“Filistinlilerin anavatanlarını özgürleştirmek için verdiği mücadeleye desteğimi ilan ediyorum” demişti.
Efsanevi sporcu ve adalet savaşçısı Muhammed Ali’nin tarihsel mirası ezilen halkların kurtuluşuna bağlılığı ve bu ilkeler doğrultusunda fedakarlığa hazır olmasıydı. Onu yaşamını yitirmesi vesilesiyle Samidoun Filistinli Tutsaklarla Dayanışma Ağı, Ali’yi dünyanın her yerindeki milyonlarca insanla birlikte anıyor.

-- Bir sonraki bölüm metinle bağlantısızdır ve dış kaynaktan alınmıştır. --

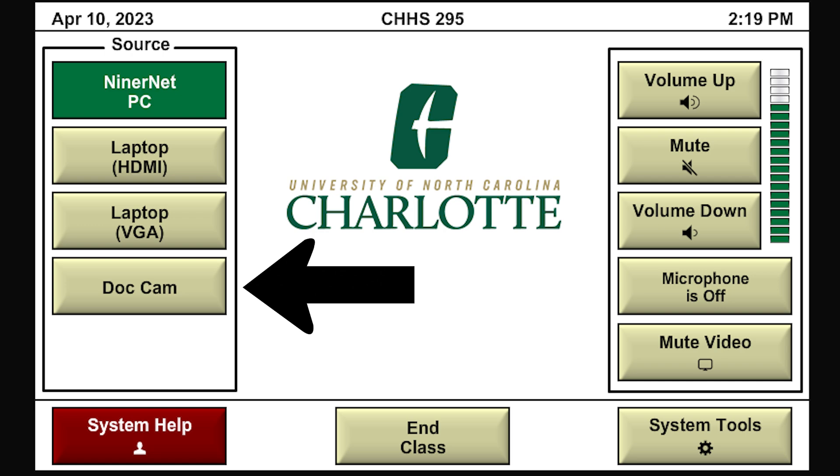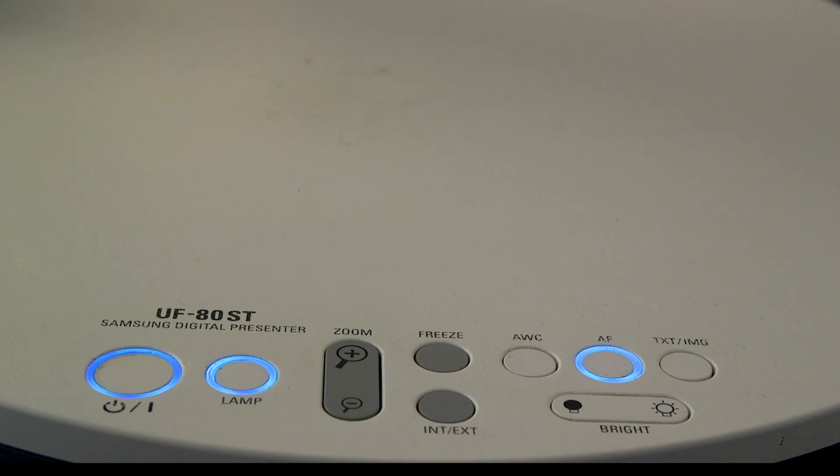Last on the list is the document camera. Once you click this button, it will show you a list of options in the middle of the screen that control the document camera. The first listed is the power button, which will turn the document camera on and off. You can also use this panel to zoom the camera in or out, or freeze the image. There are also buttons on the document camera itself to control these features.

Ali, 1985 yılında işgal altındaki Güney Lübnan’da esir alınan Lübnanlı ve Filistinli tutsakların salınmasını güvence altına almak amacıyla İsrail’e gitti. Bu ziyaret, 1974’te Beyrut’ta, “ABD Siyonizmin ve emperyalizmin merkezidir,” açıklamasını yapıp Filistinli mülteci kamplarına gitmesinin ardından gerçekleşmişti. Güney Lübnan’da Filistinli mülteci kamplarını ziyareti esnasında, “Kendi adıma ve Amerika’daki tüm Müslümanlar adına, Filistinlilerin anavatanlarını özgürleştirme mücadelesine ve işgalci Siyonizmin kovulmasına desteğimi ilan ediyorum,” açıklamasında bulundu.
Ali, Siyah özgürlük mücadelesini birçok cephede savundu; ABD’nin içinde ve dünya genelinde ABD emperyalizmi karşısında duran bir güç olarak. Attica hapishanesi ayaklanmasının Siyah liderleri anısına şiir yazdı. Muhammed Ali, kariyerinin zirvesindeyken, 1967’de Vietnam Savaşı’nda yer almayı reddetti, beş yıl hapse mahkum edildi ve unvanı elinden alındı. Louisville’de katıldığı barınma hakkı mücadelesi sırasında vicdani reddi hakkında sorulan bir soruya şöyle cevap verdi:
“Louisville’de insanlara ‘zenci’ denir, köpek muamelesi yapılır ve en basit insan haklarından dahi mahrum bırakılırken neden benden bir üniforma giyip memleketten 10 bin mil ötede Vietnam’ın esmer insanlarına bomba ve mermi yağdırmamı istiyorlar ki? Hayır, beyaz köle efendilerinin beyaz olmayan halklar üzerinde tüm dünyada kurduğu hakimiyeti sürdürmek adına gidip başka yoksul bir halkı yakıp katletmelerine yardım etmeyeceğim. Gün, artık böylesi kötülüklerin sona ermesi günüdür.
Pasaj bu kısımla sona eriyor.